Moving around in this region can be both an exhilarating and frustrating experience. The Chinese are able to stand in a queue for an hour, waiting to be served a few ravioli in a plastic tray. But you can't really say that you know something about China's overpopulation unless you've tried to travel like its citizens do, possibly in the weekend.

A short train ride from Shanghai to Suzhou, to visit its renowned classical gardens, can become a somehow unforgettable adventure. Everything starts with the complicated system that from the elbowing at the ticket counters takes the passengers to the tracks: you must queue up at the entrance, place your luggage on the X-ray belt and find the waiting room that has been assigned to your train, show your ticket and search on the board the number of the gate where you're supposed to check-in. Only after your ticket has been controlled for a second time you'll be able to understand what the right platform is.

Once on-board one is likely to find out that the seat whose number is hidden among the maze of ideograms is already occupied by someone else and that dozens of passengers are squeezed along the corridor. A curious situation considering the fact that only who has reserved a seat is supposed to be allowed on the train. But it's just a short ride, like traveling from London to Reading: the best thing to do is relax, lean on the door and enjoy the scenery inside and outside the car.
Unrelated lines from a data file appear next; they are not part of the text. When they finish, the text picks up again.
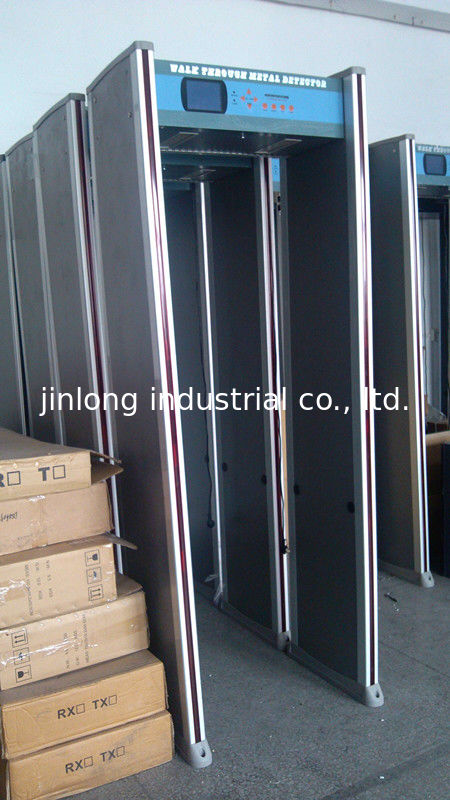 Walk through Metal Detector door，Door frame metal detector, JLS-200C(6 Zones&LCD display)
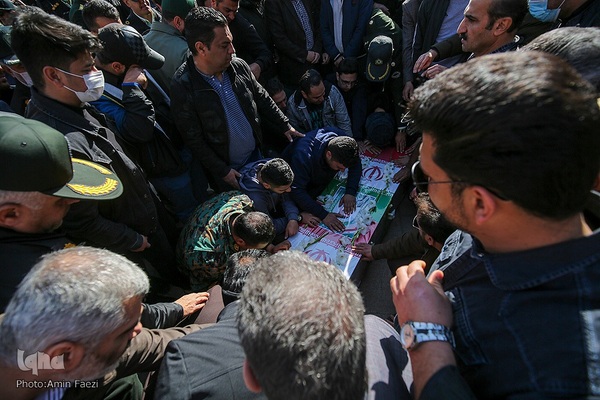 تشییع شهید مدافع امنیت محمود هوشمند خلاری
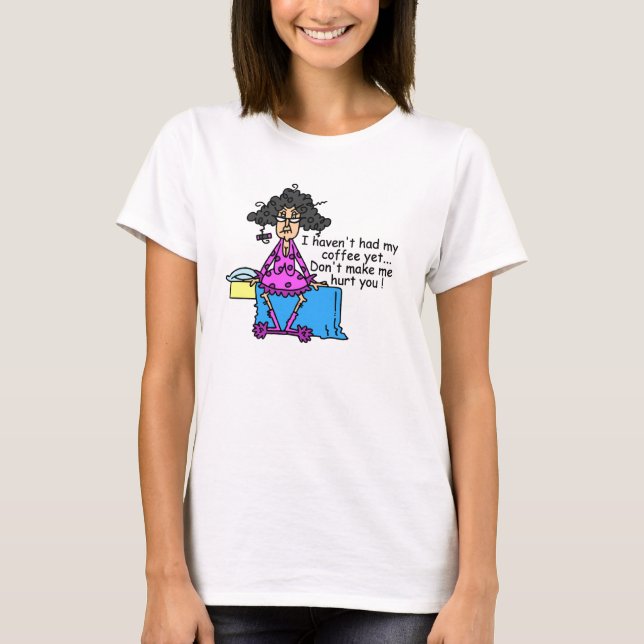 T-shirt Matin Avant Humour Café (Devant)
The few Chinese who dare talk in English with the wai guo ren love to inform them that “China is a very crowded place”. A self-evidence that is confirmed by the guidebook: Suzhou, the Reading of Shanghai, the would-be village out of town, has population of about six million.

After the sun has set on the cypresses, the pavilions, the stones and the water elements of the gardens, it's possible to board one of the numerous free-seat trains bound for Shanghai. First come, first served: the Chinese are doing all they can to get a seat on one of the cars. They run on the benches and jump the fences. When the doors open an uproar breaks loose: an elder woman loses her balance but who is behind her keeps on pushing. Other passengers from the end of the “queue” throw their bags over the others' heads.

Out of the Central station of Shanghai, after having turned into the tunnel of the subway, most of the times one comes across the same scene: all the vending machines are out of order and at one of the counters, the only one open, a worn-out woman is grazing her fingertips on tickets and banknotes, in front of a swaying bubble of noisy Chinese.

At the edge of the group an American old man, leaning on a cane, cries out his frustration. “Great! I've been here for seven years. Seven years! And I'm still amazed at the stupidity with which the government manages all this!”

The best thing to do is shake one's bewilderment off, turn around and look for a cab. Provided there is one available. One needs to remember that it's Saturday night and that this is Shanghai, the pulsing heart of eastern China, in the middle of the most crowded S in the world.